Her fellow analyst, Baláž, agreed, adding that economic indicators suggest a positive development in foreign trade at the beginning of this year, which suggests that “exports will be, similarly to last year, the sole components of GDP with a positive contribution to the growth”.
Andrej Arady, macroeconomist with VÚB Banka, said that although the detailed GDP data will be available only in early June, none of the monthly indicators of domestic demand suggest its revival. Sadovská does not assume either that domestic consumption has made any positive contribution to GDP due to what she called “the careful behaviour of consumers under the conditions of high unemployment rates”.
UniCredit Bank chief analyst Ľubomír Koršňák noted that domestic demand remains extremely weak in all sectors: this is indicated by the continuing drop in retail revenues, a drop in bank loans to non-financial enterprises and an annual drop in state budget expenditures.
According to Arady, the industrial sector was doing statistically slightly better than at the end of last year, but he attributes part of this revival to what he called a calendar effect: December’s production was, to a large degree, shifted to January this year, which contributed considerably to its quarter-on-quarter growth. Based on monthly data, construction production continued dropping, Arady said.
Economic sentiment in Slovakia remains relatively negative, mainly in the construction industry, Baláž said, adding that “on the contrary, sentiment in the industry over the last months has moderately improved, while the producers expect mainly higher demand from our foreign trade partners”.

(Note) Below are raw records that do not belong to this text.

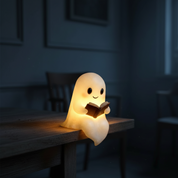 Ghost Night Light Cute Reading Lamp Bedroom Decor - Image 4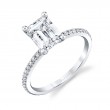 Emerald Cut Classic Engagement Ring - Adorlee
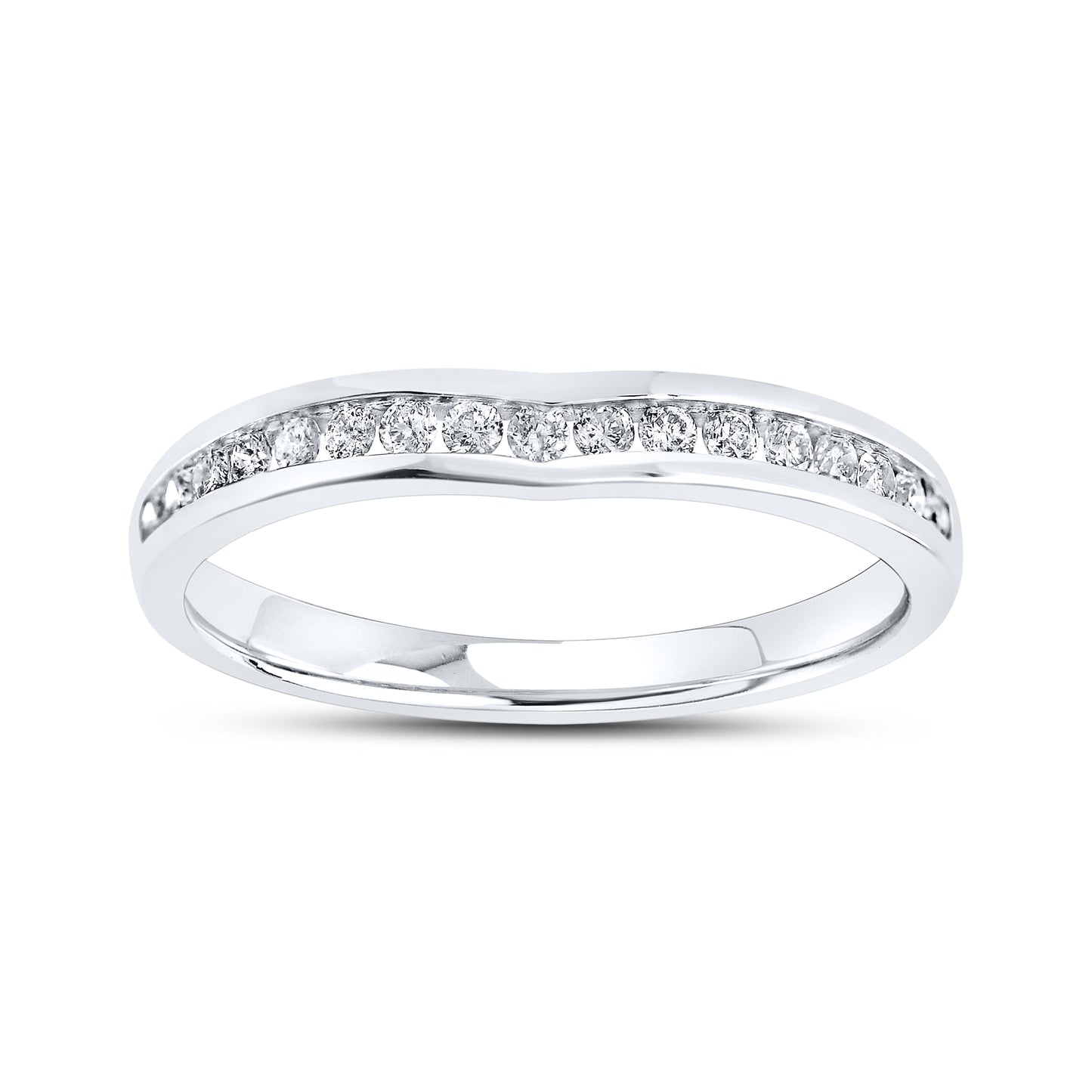 10kt White Gold  1/4 CTW Natural Diamond Band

Total employment in the monitored period reached 2,190,700 persons, which, compared to the same period in 2012, represents a 1-percent drop. Without factoring seasonal influences, total employment dropped by 0.9 percent compared with the first quarter of 2012, and compared with the last quarter of 2012 by 0.3 percent, according to the Statistics Office.
“For the labour market, which is the sore spot of the Slovak economy, this reported growth was not enough to create jobs,” Arady commented, adding that the weak economic growth was paired with “legislative changes in the area of labour relations, which only strengthened the impact of the weaker than average economic growth”.
The employment numbers were significantly worse than the monthly data in selected branches of the economy suggested, said Koršňák, adding that these indicated a moderate year-on-year as well as month-on-month growth of employment.
Responding to the flash estimate for employment, Baláž said he assumes that domestic consumption will either remain unchanged in the first quarter or decline slightly.
Baláž assumes that for the whole of 2013 the economy could grow by 0.5 percent, but only if in the second half of the year the expected revival of the German economy brings higher demand for Slovak products.
Koršňák too expects a moderate revival of the economy in the second half of the year, fuelled by slightly strengthening foreign demand. However, a recovery of domestic consumption can be expected in the end of the year at the earliest, Koršňák added.